|
|
|
|
|
BLUES HEAVEN FESTIVAL (DANEMARK)
|
|
|
|
|
Ecrit par Fred Delforge |
|
|
samedi, 13 novembre 2021
Blues Heaven 2021
BLUES HEAVEN FESTIVAL
ARENA NORD – FREDERIKSHAVN (DANEMARK)
Les 12 & 13 novembre 2021
http://www.bluesheaven.dk/
C’est notre rendez-vous blues incontournable depuis des années et
s’il a fallu faire l’impasse sur l’édition 2020 à la dernière minute
en raison des contraintes sanitaires insoutenables pour
l’organisation, c’est avec une joie non feinte que l’on retrouve
cette petite ville du Jutland du Nord pour ce qui sera une fois
encore, c’est certain, le plus grand événement blues de l’année 2021
en Europe. Pour faire face à la reprise de la pandémie, le Danemark
a rétabli il y a quelques jours seulement le Coronapass et quand
bien même les rotations aériennes entre Paris et Aalborg sont très
limitées, rien n’y fera, c’est la fleur au fusil et avec une journée
d’avance que nous nous installerons à Frederikshavn au beau milieu
d’une foule bigarrée venue des différents coins de l’Europe. Reste
maintenant à savoir si la totalité des artistes programmée aura
réussi à faire le voyage, autant dire que les échanges sont à la
fois amicaux et teintés d’inquiétude dans la salle de presse où l’on
retrouve les amis de longue date …
Il n’y a pas foule dans l’Arena Nord quand Peter Astrup vient
présenter Paul Benjamin qui sera cette fois encore le Maitre de
Cérémonie du Festival, et pourtant c’est déjà avec une grosse
pointure internationale que l’on passe aux choses sérieuses puisque
c’est Monster Mike Welch qui a la charge de l’ouverture des
festivités. Débarquant en quartet avec l’ami Fabrice Bessouat à la
batterie, le chanteur et guitariste ne va pas retenir ses coups et
c’est en nous emmenant avec talent vers un bon gros blues dont il a
le secret qu’il donnera tous les arguments aux spectateurs présents
pour démontrer aux absents qu’ils ont eu tort de ne pas se presser.

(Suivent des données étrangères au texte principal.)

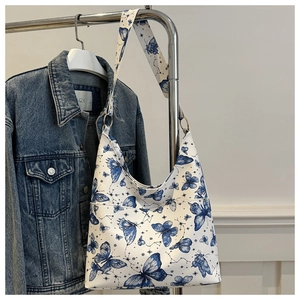 Detail of white tote bag with blue butterfly print and golden ring strap attachments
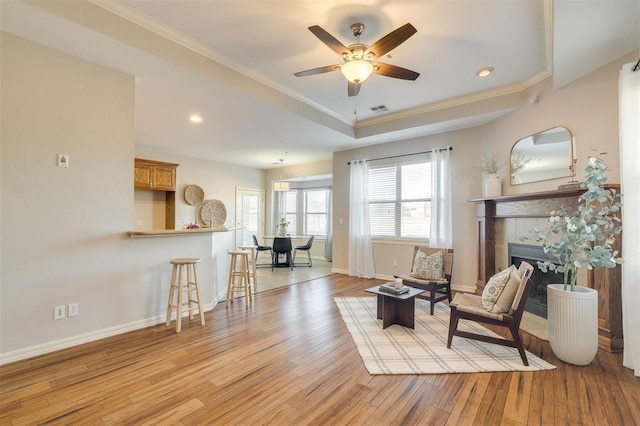 living area featuring crown molding, a tile fireplace, ceiling fan, and light hardwood / wood-style flooring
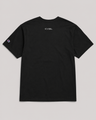 Black t-shirt with a logo on the back against a gray background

Rarement une entrée en matière n’avait été aussi réussie et l’on se
félicite déjà d’avoir fait le choix de venir de bonne heure !
On change de scène pour assister à la prestation de Kirk Fletcher et
on retrouve Fabrice Bessouat derrière les fûts, ce dernier
accompagnant comme à son habitude le bluesman américain qui a posé
ses valises en Europe depuis un certain temps. Inamovible et
toujours aussi heureux d’être là, Kriss Jefferson tient solidement
la basse et c’est soutenue par un clavier que cette équipe de choc
va une fois encore nous offrir un bon blues teinté de rock et mâtiné
d’accents venus de différents horizons comme Chicago, le Texas ou
encore l’Angleterre. Rejoint à l’occasion par les Bender Brass,
Jimmy Carpenter et Mark Earley aux saxophones et Doug Woolverton à
la trompette, Kirk Fletcher n’aura pas le moindre mal à tenir la
dragée haute à un public qui ne boude pas son plaisir et qui bouge à
l’unisson. Si ce n’est pas encore la foule des grands soirs, l’Arena
Nord affiche maintenant une assistance plus conséquente … Le
festival et son affiche alléchante méritent bien ça
!
C’est en face d’un public qui dine que Gaye Adegbalola va se
produire ce soir, sur ce que l’on appelle ici la scène Café, et
c’est toujours avec la même foi et le même engagement que celle dont
les parents étaient des proches de Martin Luther King va venir nous
proposer son blues qui, même s’il sort parfois un peu des sentiers
battus pour aller regarder du côté du folk. Arrivée à l’âge de
raison auquel on ne peut plus en théorie lire les aventures de
Tintin, la blueswoman originaire de Virginie n’a rien perdu de sa
superbe et elle nous régalera une fois encore de ses discours plein
de sens et de ses notes pleines de nuances. Rencontrée pour la
première fois il y a quatorze ans lors du festival Blues-sur-Seine,
Gaye Adegbalola reste une personne à la fois attachante et charmeuse
que nous avons eu plaisir à retrouver ce soir.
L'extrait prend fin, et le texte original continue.